→ **Data supplied**:
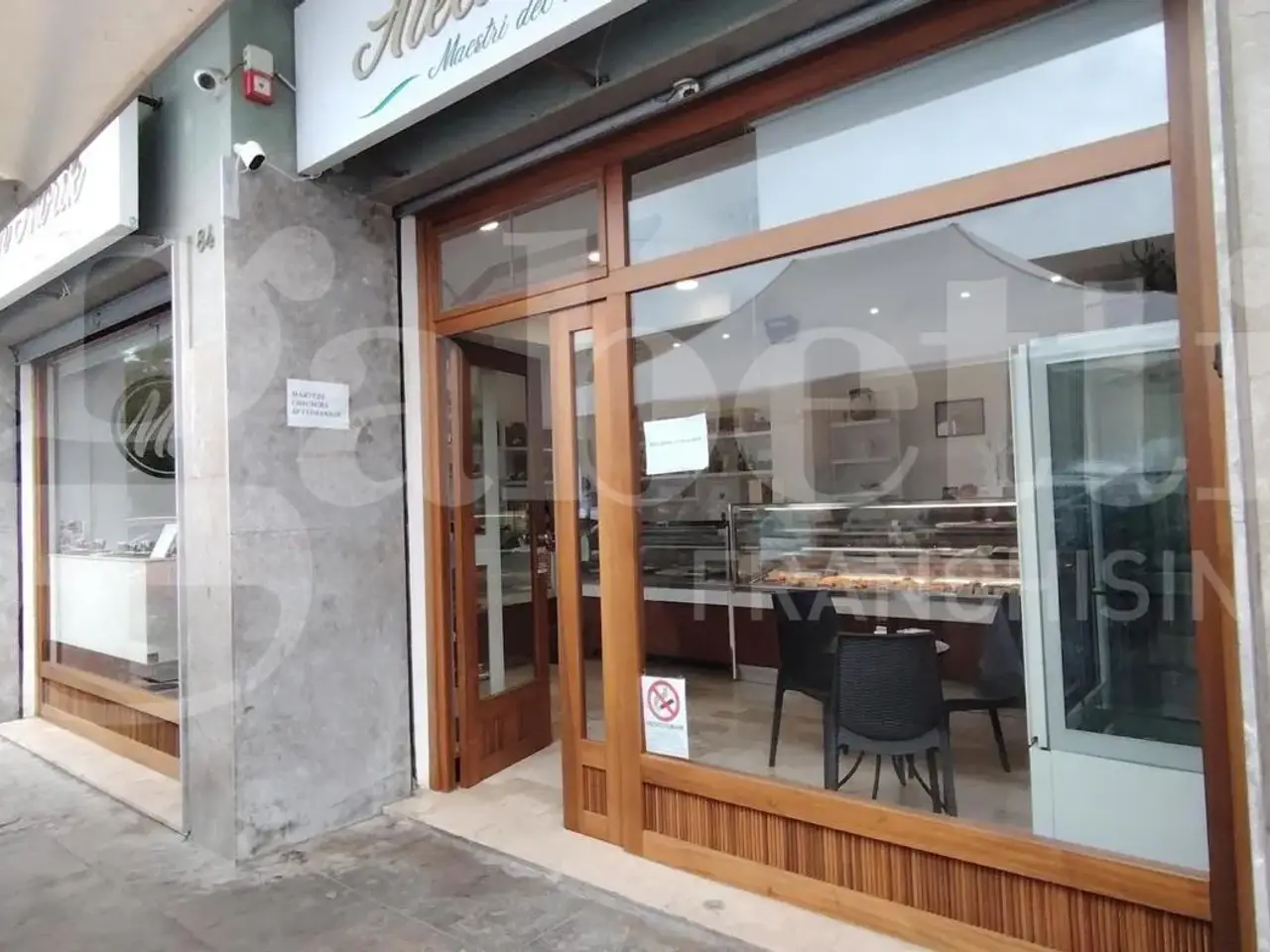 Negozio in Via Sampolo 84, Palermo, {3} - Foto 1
---
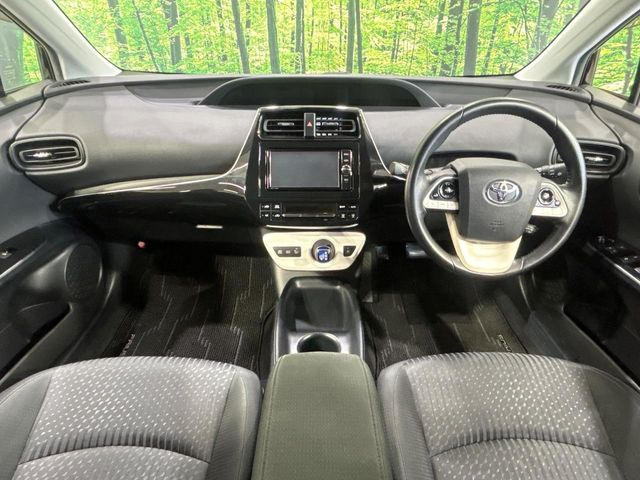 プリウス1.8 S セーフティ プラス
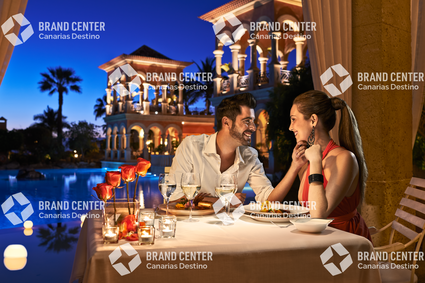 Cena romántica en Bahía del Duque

→ **Exercise requirements**:
Copy nothing but the lines above from the one with "プリウス1.8 S セーフティ プラス" to the one with "Cena romántica en Bahía del Duque", inclusive, word for word. Leave every picture out.

→ **Answer to this exercise**:
 プリウス1.8 S セーフティ プラス
 Cena romántica en Bahía del Duque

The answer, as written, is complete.